プロビジョニング済みの容量を使用している場合は、設定されている読み取りまたは書き込みのプロビジョニング容量を増やしてください。または、AWS Auto Scaling を使用します。AWS Auto Scaling を使用している場合は、利用可能な最大容量を増やしてください。その際、より大規模なスケーリングを可能にするために、アカウントのテーブルまたは AWS リージョンの制限を増やす必要がある場合があります。Auto Scaling では処理できないトラフィックの急増が発生した場合は、代わりにオンデマンドキャパシティ予約を使用してください。

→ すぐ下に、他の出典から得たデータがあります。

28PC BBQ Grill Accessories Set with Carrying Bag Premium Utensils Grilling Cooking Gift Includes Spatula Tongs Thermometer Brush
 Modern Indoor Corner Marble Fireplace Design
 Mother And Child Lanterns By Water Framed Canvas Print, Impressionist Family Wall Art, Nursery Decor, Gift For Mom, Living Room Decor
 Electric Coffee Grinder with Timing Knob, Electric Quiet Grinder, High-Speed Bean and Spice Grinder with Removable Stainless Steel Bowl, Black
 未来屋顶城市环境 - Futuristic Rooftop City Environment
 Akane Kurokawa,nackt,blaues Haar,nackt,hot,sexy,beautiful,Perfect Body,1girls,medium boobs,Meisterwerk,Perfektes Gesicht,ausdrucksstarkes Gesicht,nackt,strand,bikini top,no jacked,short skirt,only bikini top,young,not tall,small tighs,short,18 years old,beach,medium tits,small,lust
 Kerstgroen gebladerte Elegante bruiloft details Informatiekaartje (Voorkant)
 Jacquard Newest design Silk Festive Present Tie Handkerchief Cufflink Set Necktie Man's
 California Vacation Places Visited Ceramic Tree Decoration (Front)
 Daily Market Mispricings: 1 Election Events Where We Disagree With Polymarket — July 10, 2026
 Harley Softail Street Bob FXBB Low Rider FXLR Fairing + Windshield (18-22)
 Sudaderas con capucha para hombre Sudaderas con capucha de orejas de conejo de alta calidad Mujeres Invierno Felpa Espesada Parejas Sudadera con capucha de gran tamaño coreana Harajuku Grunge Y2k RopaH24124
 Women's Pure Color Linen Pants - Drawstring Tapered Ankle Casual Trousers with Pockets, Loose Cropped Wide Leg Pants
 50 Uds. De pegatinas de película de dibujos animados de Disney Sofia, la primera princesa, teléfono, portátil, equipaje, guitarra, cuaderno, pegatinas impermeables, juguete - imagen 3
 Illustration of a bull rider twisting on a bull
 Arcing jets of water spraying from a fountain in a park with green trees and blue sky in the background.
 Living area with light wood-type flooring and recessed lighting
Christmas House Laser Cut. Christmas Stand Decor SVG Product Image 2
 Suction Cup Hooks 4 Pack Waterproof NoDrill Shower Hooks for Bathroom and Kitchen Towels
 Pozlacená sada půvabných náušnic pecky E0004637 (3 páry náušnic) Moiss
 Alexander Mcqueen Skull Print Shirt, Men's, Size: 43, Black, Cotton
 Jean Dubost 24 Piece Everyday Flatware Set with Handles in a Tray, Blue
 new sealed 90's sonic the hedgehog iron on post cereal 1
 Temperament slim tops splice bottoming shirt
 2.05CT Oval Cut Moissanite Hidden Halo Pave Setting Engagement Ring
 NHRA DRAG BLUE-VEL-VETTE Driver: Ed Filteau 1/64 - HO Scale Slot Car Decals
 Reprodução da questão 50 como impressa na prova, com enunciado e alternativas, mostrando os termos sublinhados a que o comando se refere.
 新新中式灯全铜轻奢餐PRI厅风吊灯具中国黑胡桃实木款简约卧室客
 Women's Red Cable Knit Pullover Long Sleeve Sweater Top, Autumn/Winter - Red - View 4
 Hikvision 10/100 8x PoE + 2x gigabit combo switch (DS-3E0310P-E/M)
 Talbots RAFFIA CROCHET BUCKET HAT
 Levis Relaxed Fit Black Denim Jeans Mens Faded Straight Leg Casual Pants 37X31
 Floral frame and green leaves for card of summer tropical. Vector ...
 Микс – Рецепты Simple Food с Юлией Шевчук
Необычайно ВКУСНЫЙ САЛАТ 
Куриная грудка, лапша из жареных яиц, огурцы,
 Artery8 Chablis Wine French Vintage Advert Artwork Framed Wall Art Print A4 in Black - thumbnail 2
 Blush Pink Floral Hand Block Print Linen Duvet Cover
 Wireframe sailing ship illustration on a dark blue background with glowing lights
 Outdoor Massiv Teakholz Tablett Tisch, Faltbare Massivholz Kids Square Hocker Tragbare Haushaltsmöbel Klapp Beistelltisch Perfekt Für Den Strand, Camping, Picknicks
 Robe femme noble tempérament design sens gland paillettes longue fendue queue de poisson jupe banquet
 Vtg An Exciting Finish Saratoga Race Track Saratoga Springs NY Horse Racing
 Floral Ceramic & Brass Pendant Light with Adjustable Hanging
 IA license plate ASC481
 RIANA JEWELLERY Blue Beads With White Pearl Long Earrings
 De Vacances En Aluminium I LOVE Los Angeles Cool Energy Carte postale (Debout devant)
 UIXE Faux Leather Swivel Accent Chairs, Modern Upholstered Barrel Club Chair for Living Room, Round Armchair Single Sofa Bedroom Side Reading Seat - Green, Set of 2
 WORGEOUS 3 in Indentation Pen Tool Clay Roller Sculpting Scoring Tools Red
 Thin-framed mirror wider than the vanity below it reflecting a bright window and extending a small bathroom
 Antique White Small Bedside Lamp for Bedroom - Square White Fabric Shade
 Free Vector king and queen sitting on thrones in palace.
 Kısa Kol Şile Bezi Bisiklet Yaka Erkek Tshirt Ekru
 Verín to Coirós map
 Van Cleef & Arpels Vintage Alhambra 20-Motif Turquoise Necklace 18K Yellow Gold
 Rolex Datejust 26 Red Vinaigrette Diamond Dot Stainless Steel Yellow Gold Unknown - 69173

AllNodesFailedException エラーまたは NoHostAvailable エラー
読み取りまたは書き込みのタイムアウトなどの問題が発生すると、Apache Cassandra ドライバーはデフォルトで別のピアに接続しようとします。Apache Cassandra クラスターの場合、これは問題の原因となっている単一ノードの負荷を軽減するのに役立ちます。ただし、Amazon Keyspaces の場合は新しいノードでも同じ問題が発生する可能性があります。その後、Amazon Keyspaces はすべてのピアがなくなるまで次のピアに移動することがあります。この場合、AllNodesFailedException または NoHostAvailable のエラーメッセージが表示されます。
ドライバーをホストに残し、エクスポネンシャルバックオフと再試行のメカニズムを実装するように設定するのがベストプラクティスです。設定例については、GitHub のウェブサイトの amazon-keyspaces-java-driver-helpers を参照してください。